- [What to produce]
The output must be exactly the lines from the "Surrey outline" line through the end of the listing below, with no picture included.

- [Supplied data]
+ + + +
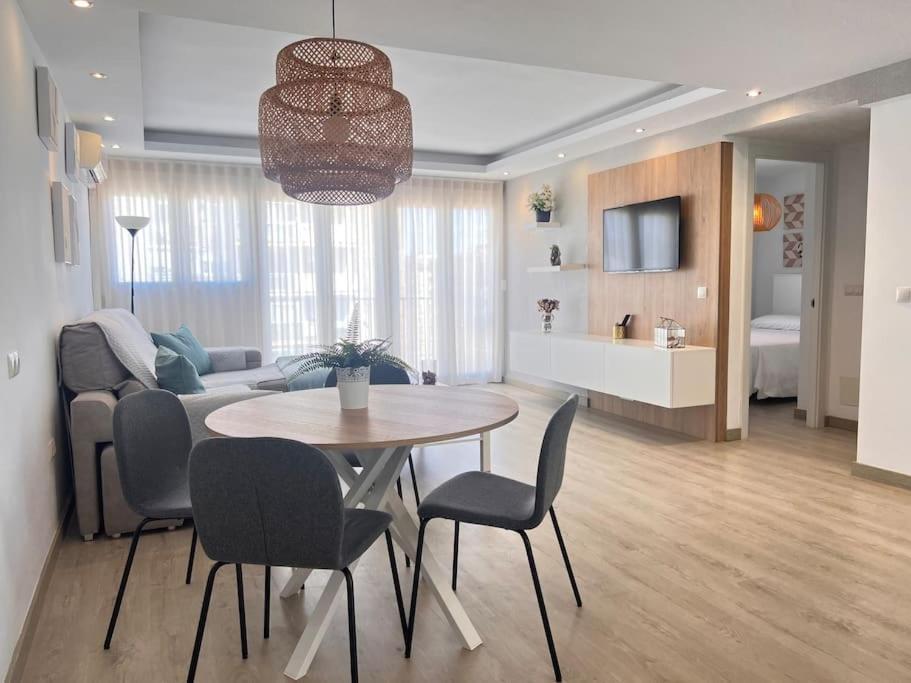 Apartamento Cafe & Mar. Málaga Dış mekan fotoğraf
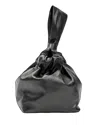 Lemiz Mariposa Handbag In Black Metallic In Multi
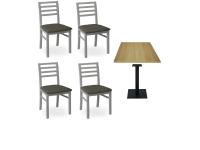 Foto set venafro sedie e tavoli per arredamento bar ristorante pub stile moderno contemporaneo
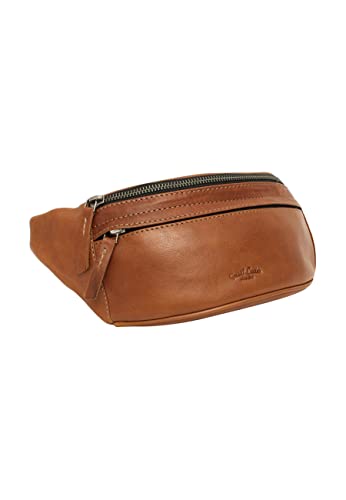 Gusti Gürteltasche Leder Spencer I Bauchtasche Leder Damen & Herren I Hochwertige Hüfttasche Herren & Damen aus Echtleder mit verstellbarem Gurt von Gusti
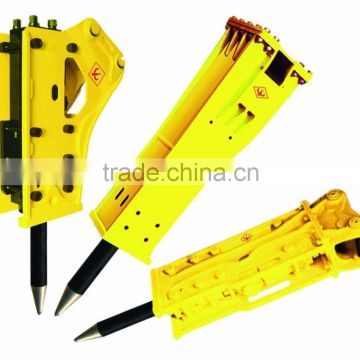 zx260lch hydraulic rock excavator breaker at reasonable price for 10-80 ton excavator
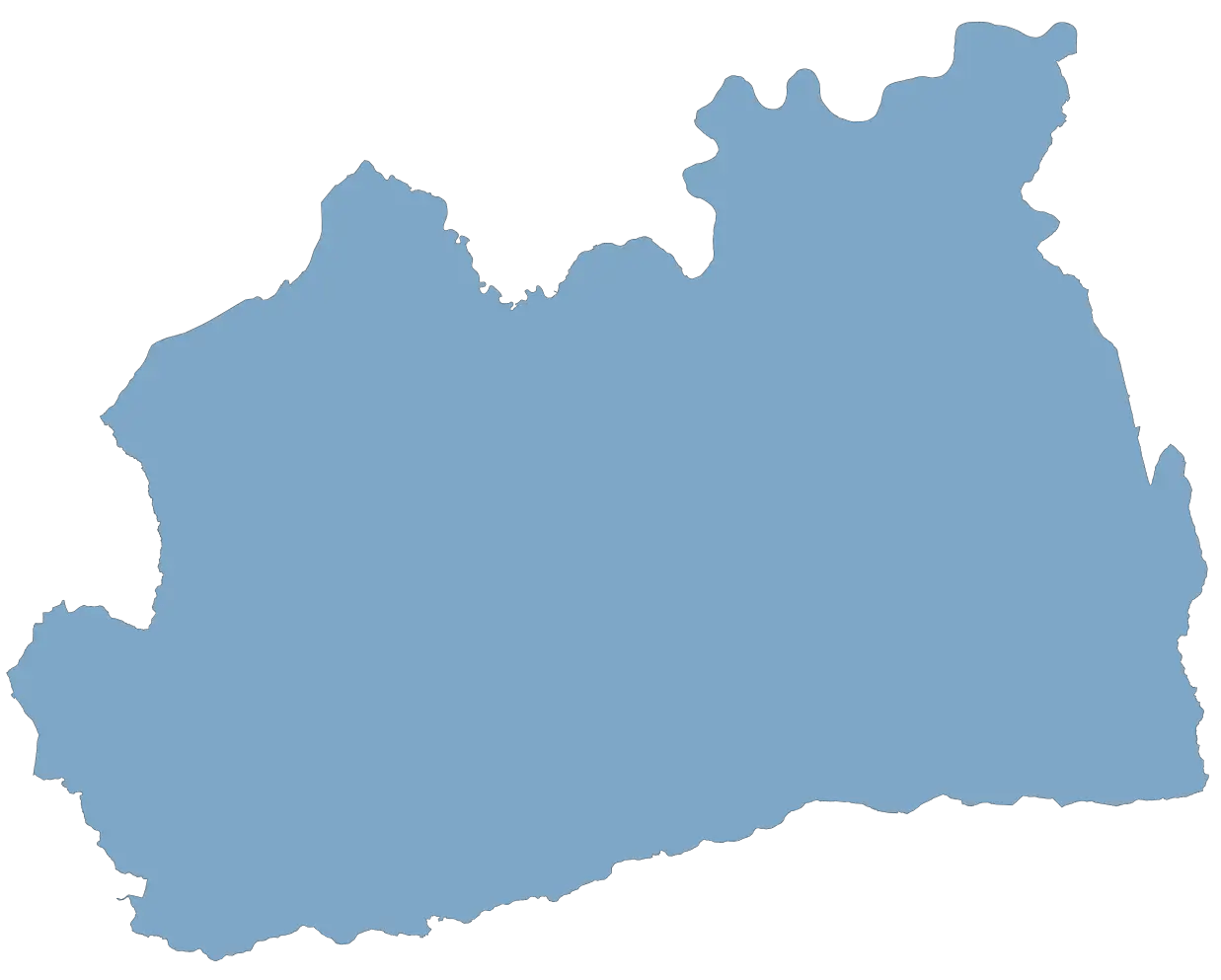 Surrey outline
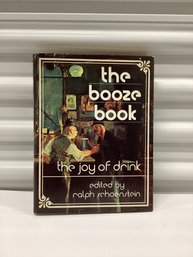 1974 Playboy Press The Booze Book Hardcover With Dust Jacket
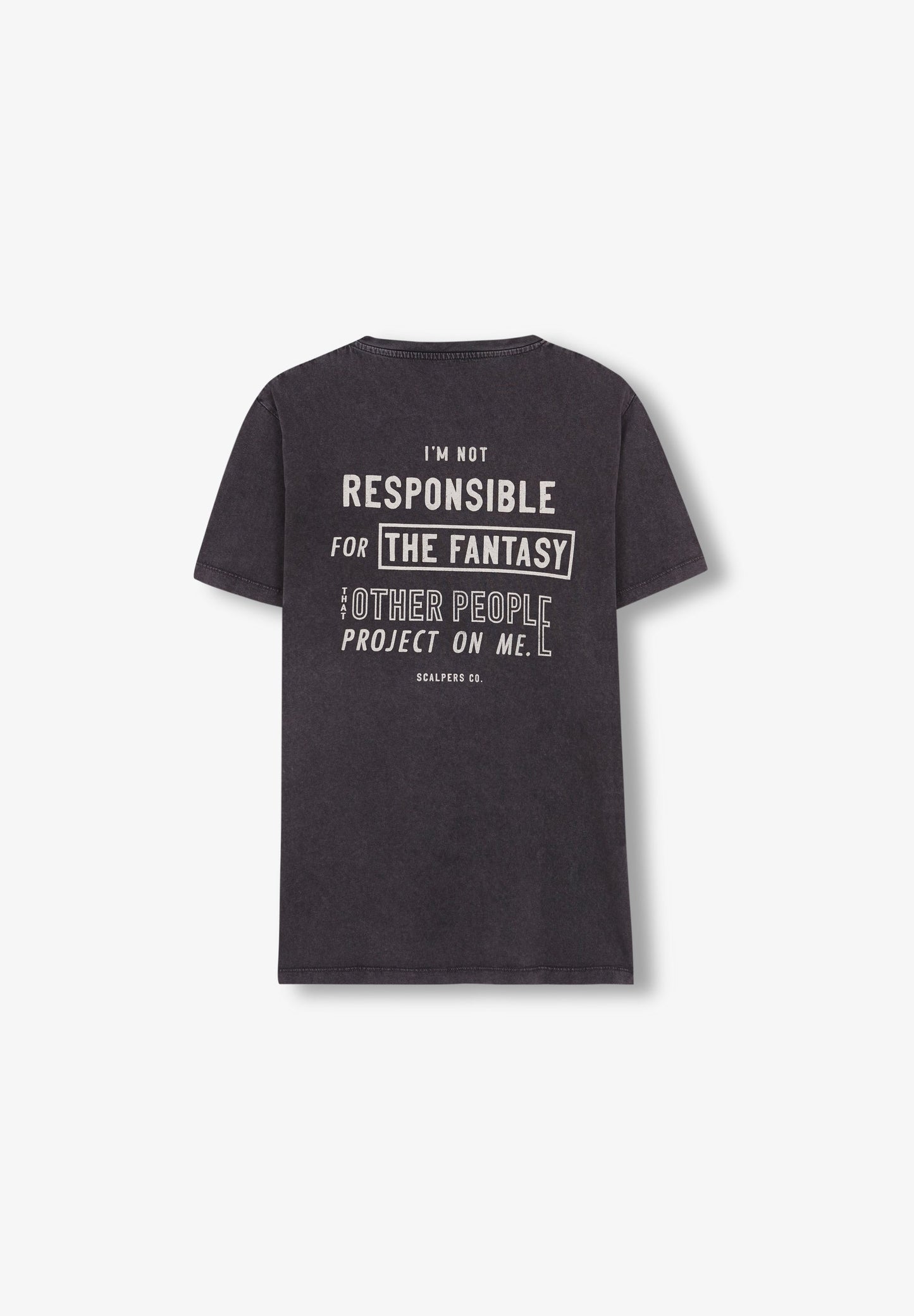 CAMISETA LAVADA PRINT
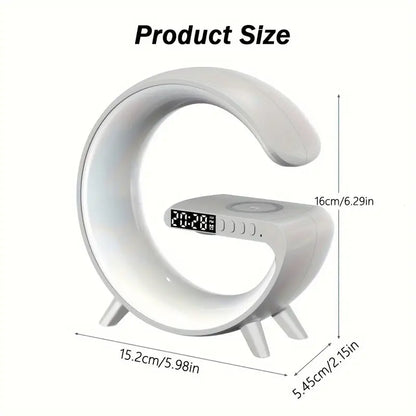 All-in-One RGB Speaker & Alarm Desk Lamp!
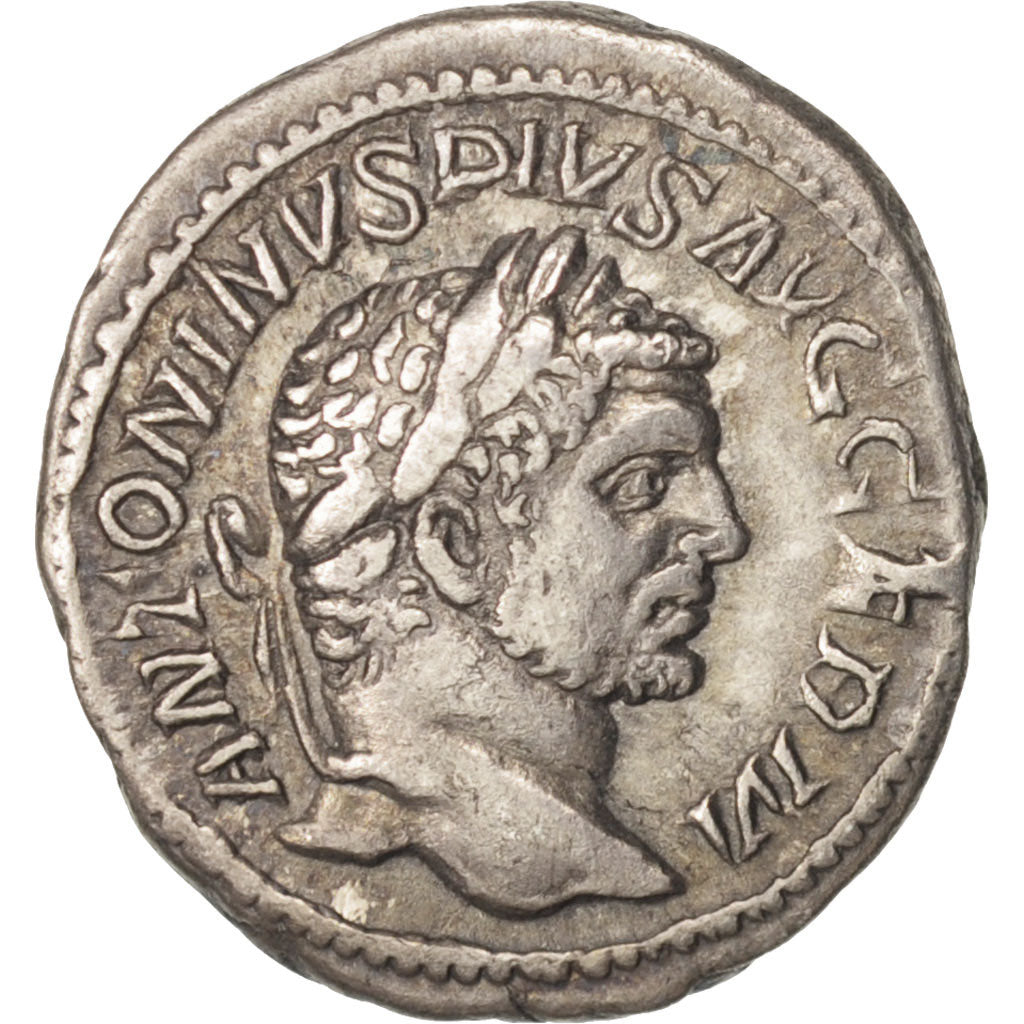 Caracalla, Denarius, Roma, SS, Silber, RIC:275a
+ + + +
- [Answer space]
 Surrey outline
 1974 Playboy Press The Booze Book Hardcover With Dust Jacket
 CAMISETA LAVADA PRINT
 All-in-One RGB Speaker & Alarm Desk Lamp!
 Caracalla, Denarius, Roma, SS, Silber, RIC:275a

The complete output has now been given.